A Structure-Based Voltage Stability Index in Distribution System Through Dimensional Reduction

Abstract

Voltage collapse is a critical form of system instability in power systems, occurring when power generation is unable to meet power demand, resulting in considerable socio-economic impacts. Current methodologies for studying voltage collapse primarily utilize simulation-based approaches. While informative, they offer little theoretical insights into the mechanism of this perplexing phenomenon due to their numerical nature. This article introduces a novel analytical framework in distribution system based on dimension reduction. By effectively mapping high-dimensional systems into simpler, lower dimensional equivalents, our framework is capable of mathematically solving system equations.
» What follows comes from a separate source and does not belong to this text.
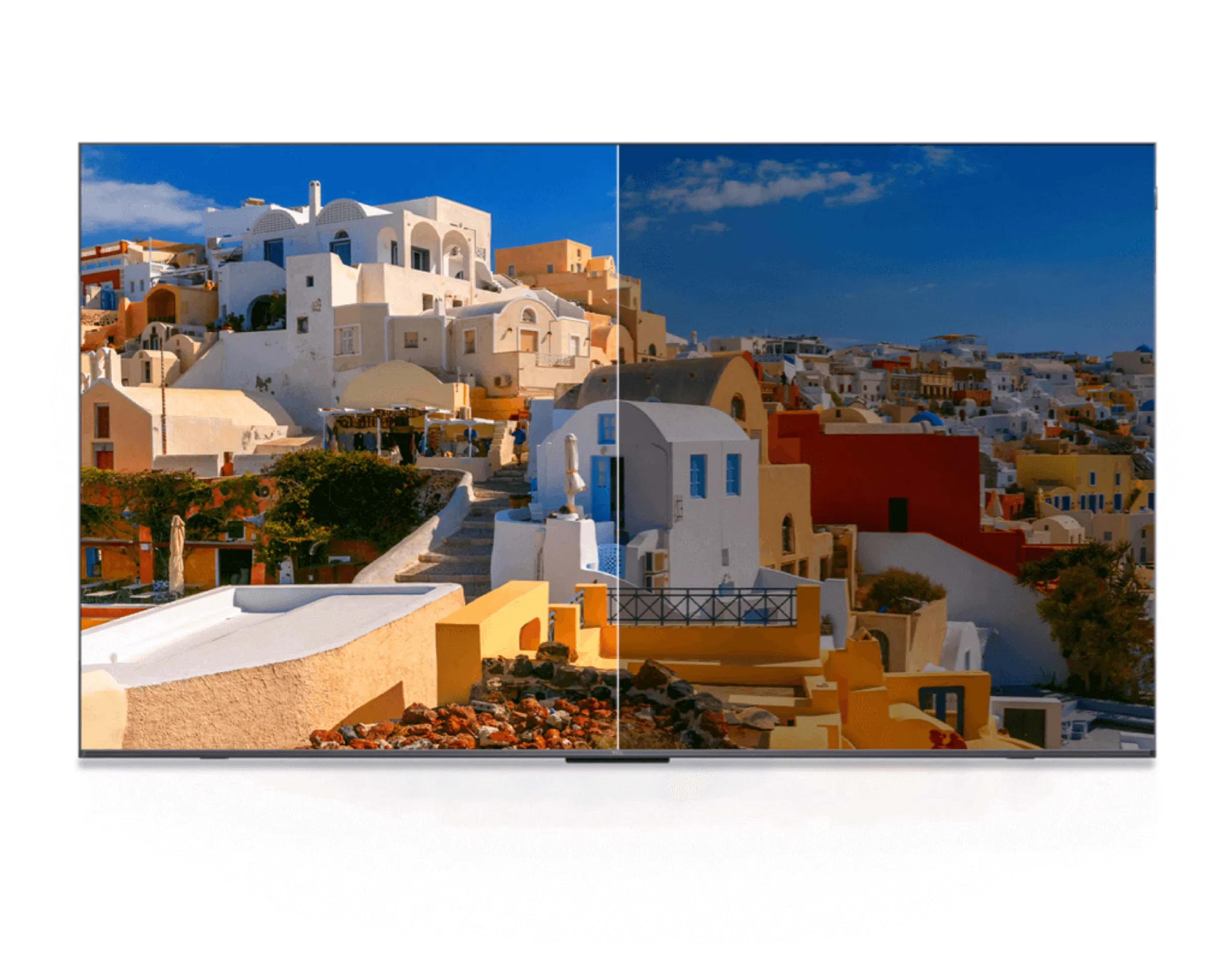 IA HDR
This subsequently differentiates the critical factors from the less influential ones and proposes a novel voltage stability index. The voltage stability index is directly calculated by the structure-based weighted sum of power demands without monitoring data. This approach facilitates the identification of potential origins of system instability and highlights components that are particularly vulnerable, thereby enabling more targeted and effective measures for system reinforcement and risk mitigation. We rigorously test our framework on seven different distribution systems, demonstrating its efficacy and potential as a tool for enhancing grid stability. Our findings indicate that this novel approach can offer significant advantages in understanding and mitigating the risks of voltage collapse.